Examples of when a correlational research design is useful:

  • Exploring potential links between variables: Studying the relationship between exercise and heart disease, screen time and mental health, or income and educational attainment.
  • Developing hypotheses for further research: Observing correlations can trigger further investigations to determine causal relationships through experiments.
  • Understanding complex phenomena: When manipulating variables is impractical or unethical, correlations can provide insights into naturally occurring connections.

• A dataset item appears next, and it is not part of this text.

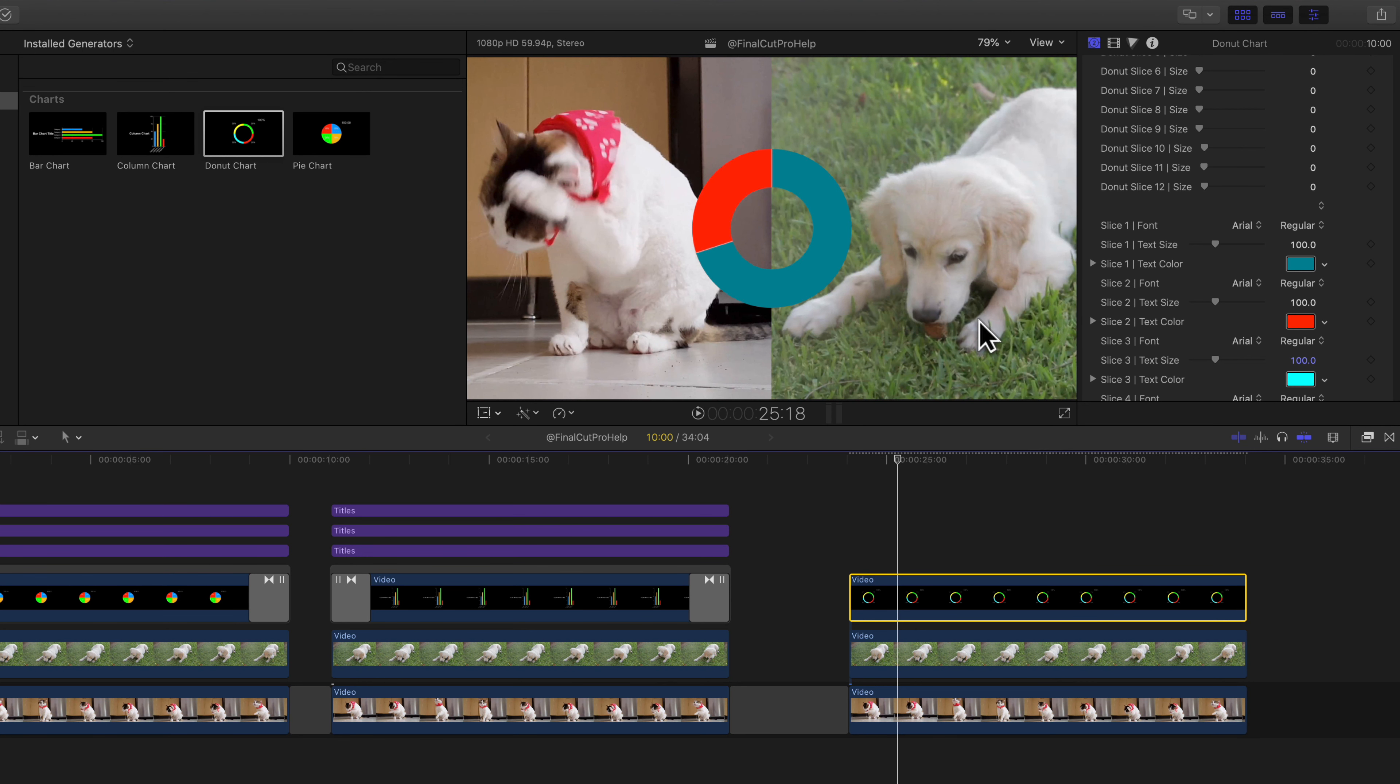And I did that so that as this chart is growing, it seems like the data is a lot closer in the beginning. And then as we get further on, then we see the percentage for the dogs takes off. So you can adjust each slice individually and how it animates onto the screen.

Limitations of correlational research:

  • It cannot establish causation: Just because two things are correlated doesn't mean one causes the other. Alternative explanations or even coincidence can play a role.
  • Third-variable problem: Other unmeasured factors might influence both variables, leading to misleading correlations.

While correlational research doesn't provide definitive answers, it's a valuable tool for exploring relationships and informing further research. Always remember to interpret correlations cautiously and consider alternative explanations.

What is an experimental research design?

What is an experimental research design?

An experimental research design takes the scientific inquiry a step further by testing cause-and-effect relationships between variables. Unlike descriptive research, which observes, and correlational research, which identifies relationships, experiments actively manipulate variables to determine if one truly influences the other.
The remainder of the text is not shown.